BEGIN THE DATA
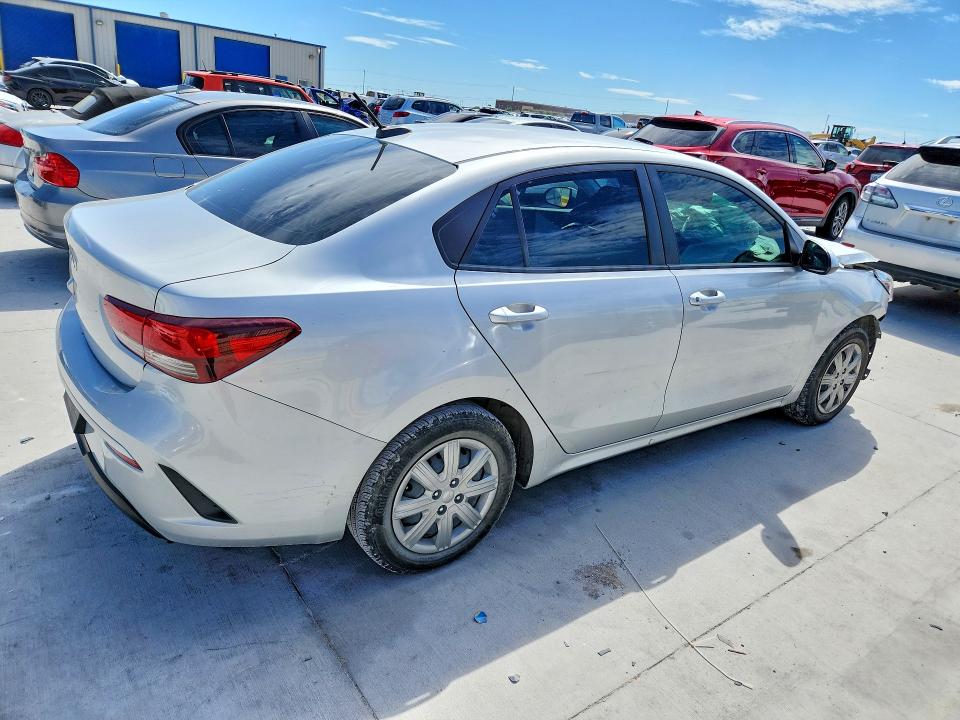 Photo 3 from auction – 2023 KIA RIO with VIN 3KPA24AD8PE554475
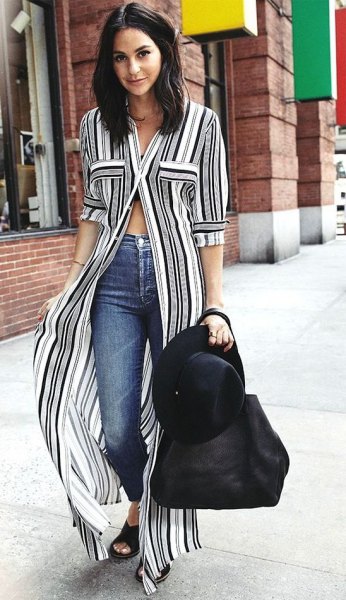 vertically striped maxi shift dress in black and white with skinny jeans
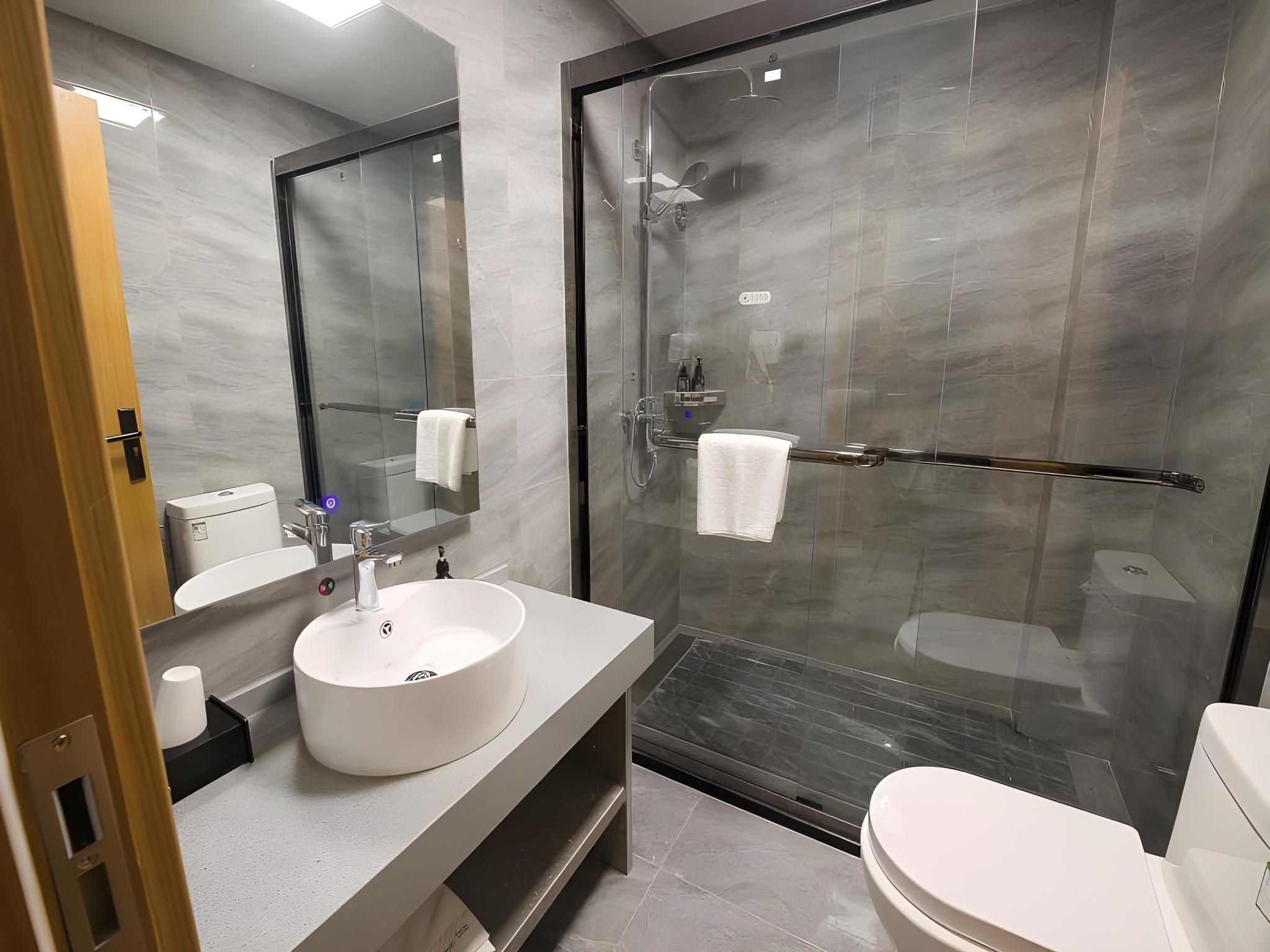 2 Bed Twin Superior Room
END THE DATA
TASK STATEMENT: With the pictures removed, repeat the listing above exactly as it stands.

ANSWER:
 Photo 3 from auction – 2023 KIA RIO with VIN 3KPA24AD8PE554475
 vertically striped maxi shift dress in black and white with skinny jeans
 2 Bed Twin Superior Room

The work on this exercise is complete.